**ASSIGNED TASK:** Which of the lines in the records below hold the string "Seat"? Copy every one of them.

Stored items:
# # # #

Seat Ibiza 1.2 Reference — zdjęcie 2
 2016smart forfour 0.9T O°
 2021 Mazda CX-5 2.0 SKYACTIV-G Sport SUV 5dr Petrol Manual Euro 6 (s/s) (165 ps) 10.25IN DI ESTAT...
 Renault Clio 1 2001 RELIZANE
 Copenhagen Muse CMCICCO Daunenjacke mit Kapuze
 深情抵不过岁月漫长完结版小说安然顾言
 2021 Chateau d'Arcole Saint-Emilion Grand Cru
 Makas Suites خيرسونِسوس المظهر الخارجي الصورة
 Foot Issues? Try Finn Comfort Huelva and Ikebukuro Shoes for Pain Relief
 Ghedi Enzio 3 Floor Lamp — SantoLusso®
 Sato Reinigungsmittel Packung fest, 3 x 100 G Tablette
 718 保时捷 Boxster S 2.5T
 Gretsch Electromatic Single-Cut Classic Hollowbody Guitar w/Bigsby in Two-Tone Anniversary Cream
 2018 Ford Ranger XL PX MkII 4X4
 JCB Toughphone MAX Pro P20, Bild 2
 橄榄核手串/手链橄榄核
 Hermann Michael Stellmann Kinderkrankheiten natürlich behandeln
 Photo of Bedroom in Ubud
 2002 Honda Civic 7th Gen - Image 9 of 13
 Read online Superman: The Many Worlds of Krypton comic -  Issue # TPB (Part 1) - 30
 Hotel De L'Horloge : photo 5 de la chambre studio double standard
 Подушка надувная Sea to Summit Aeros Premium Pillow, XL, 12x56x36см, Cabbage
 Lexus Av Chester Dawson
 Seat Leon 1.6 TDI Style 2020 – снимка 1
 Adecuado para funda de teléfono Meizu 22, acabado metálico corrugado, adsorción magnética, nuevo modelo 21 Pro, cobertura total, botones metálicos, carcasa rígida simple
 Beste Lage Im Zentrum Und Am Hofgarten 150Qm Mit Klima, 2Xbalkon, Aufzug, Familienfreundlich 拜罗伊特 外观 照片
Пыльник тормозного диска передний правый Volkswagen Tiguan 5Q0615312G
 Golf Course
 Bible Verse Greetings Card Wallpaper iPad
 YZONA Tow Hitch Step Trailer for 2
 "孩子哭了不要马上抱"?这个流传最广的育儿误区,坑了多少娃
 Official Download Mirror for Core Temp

# # # #

**RESPONSE:**
Seat Ibiza 1.2 Reference — zdjęcie 2
 Seat Leon 1.6 TDI Style 2020 – снимка 1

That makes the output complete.